* [WORK TASK] Please take the records that follow and repeat exactly the lines starting with the line with "Mitre pop up soccer goal Clearance" and going on through the line with "HDR River Wye в Чепстоу".

TASK INPUTS below:

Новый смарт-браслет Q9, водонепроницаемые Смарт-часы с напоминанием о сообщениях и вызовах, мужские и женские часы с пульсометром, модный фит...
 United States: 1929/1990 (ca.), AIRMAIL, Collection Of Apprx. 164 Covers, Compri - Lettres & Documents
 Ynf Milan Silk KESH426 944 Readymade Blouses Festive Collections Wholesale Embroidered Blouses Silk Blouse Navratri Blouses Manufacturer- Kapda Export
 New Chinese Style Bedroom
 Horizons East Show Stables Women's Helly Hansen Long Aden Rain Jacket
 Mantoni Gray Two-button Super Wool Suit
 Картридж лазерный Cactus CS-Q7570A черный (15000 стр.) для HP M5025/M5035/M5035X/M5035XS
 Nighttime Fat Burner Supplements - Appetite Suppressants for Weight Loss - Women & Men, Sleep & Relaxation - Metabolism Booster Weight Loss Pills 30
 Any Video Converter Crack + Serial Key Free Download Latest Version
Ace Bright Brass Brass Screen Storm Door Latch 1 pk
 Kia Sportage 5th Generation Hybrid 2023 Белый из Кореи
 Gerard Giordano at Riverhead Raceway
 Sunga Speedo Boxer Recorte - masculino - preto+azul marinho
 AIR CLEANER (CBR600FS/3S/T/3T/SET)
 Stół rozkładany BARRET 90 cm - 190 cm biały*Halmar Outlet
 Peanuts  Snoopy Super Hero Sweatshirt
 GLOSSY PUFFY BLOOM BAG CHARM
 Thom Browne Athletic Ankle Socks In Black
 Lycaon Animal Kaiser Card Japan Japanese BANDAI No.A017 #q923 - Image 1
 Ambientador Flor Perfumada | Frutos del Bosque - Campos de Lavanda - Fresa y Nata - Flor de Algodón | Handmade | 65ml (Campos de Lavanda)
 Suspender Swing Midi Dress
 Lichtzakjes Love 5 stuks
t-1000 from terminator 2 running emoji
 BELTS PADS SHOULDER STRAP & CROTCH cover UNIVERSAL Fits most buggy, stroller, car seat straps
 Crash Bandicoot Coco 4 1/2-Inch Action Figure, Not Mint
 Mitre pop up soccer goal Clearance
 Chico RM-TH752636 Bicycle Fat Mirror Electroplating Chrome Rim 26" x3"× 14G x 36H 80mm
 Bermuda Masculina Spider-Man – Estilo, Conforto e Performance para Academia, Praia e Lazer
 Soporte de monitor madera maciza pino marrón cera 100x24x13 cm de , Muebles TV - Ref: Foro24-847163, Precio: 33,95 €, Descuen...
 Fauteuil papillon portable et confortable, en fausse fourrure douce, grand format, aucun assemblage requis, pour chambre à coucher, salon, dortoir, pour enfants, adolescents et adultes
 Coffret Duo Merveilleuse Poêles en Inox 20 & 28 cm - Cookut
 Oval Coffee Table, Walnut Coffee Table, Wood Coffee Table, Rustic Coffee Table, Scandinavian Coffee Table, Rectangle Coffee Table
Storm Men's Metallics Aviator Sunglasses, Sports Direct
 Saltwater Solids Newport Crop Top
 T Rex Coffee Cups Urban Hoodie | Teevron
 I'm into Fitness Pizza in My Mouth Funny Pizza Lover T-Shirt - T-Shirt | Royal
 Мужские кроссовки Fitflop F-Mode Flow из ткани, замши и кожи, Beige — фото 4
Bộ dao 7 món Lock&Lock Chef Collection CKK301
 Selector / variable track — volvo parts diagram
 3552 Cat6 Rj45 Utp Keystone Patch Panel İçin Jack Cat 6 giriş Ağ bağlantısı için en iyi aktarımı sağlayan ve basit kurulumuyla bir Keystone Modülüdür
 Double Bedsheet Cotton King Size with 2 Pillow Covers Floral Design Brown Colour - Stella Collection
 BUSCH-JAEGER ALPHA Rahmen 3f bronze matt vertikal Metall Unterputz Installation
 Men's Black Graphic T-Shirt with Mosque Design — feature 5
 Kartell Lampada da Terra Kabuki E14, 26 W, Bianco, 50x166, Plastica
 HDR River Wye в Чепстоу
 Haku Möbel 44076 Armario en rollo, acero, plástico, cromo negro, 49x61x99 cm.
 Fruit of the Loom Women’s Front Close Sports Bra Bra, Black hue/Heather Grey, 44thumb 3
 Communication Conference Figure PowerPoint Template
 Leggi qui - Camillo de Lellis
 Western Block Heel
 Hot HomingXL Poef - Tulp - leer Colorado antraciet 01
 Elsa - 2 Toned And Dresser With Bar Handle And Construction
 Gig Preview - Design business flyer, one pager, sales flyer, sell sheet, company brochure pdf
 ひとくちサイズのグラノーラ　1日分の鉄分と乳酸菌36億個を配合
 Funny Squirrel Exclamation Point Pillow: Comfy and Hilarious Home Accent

End of TASK INPUTS.

* [SOLUTION TO THIS TASK]
 Mitre pop up soccer goal Clearance
 Chico RM-TH752636 Bicycle Fat Mirror Electroplating Chrome Rim 26" x3"× 14G x 36H 80mm
 Bermuda Masculina Spider-Man – Estilo, Conforto e Performance para Academia, Praia e Lazer
 Soporte de monitor madera maciza pino marrón cera 100x24x13 cm de , Muebles TV - Ref: Foro24-847163, Precio: 33,95 €, Descuen...
 Fauteuil papillon portable et confortable, en fausse fourrure douce, grand format, aucun assemblage requis, pour chambre à coucher, salon, dortoir, pour enfants, adolescents et adultes
 Coffret Duo Merveilleuse Poêles en Inox 20 & 28 cm - Cookut
 Oval Coffee Table, Walnut Coffee Table, Wood Coffee Table, Rustic Coffee Table, Scandinavian Coffee Table, Rectangle Coffee Table
Storm Men's Metallics Aviator Sunglasses, Sports Direct
 Saltwater Solids Newport Crop Top
 T Rex Coffee Cups Urban Hoodie | Teevron
 I'm into Fitness Pizza in My Mouth Funny Pizza Lover T-Shirt - T-Shirt | Royal
 Мужские кроссовки Fitflop F-Mode Flow из ткани, замши и кожи, Beige — фото 4
Bộ dao 7 món Lock&Lock Chef Collection CKK301
 Selector / variable track — volvo parts diagram
 3552 Cat6 Rj45 Utp Keystone Patch Panel İçin Jack Cat 6 giriş Ağ bağlantısı için en iyi aktarımı sağlayan ve basit kurulumuyla bir Keystone Modülüdür
 Double Bedsheet Cotton King Size with 2 Pillow Covers Floral Design Brown Colour - Stella Collection
 BUSCH-JAEGER ALPHA Rahmen 3f bronze matt vertikal Metall Unterputz Installation
 Men's Black Graphic T-Shirt with Mosque Design — feature 5
 Kartell Lampada da Terra Kabuki E14, 26 W, Bianco, 50x166, Plastica
 HDR River Wye в Чепстоу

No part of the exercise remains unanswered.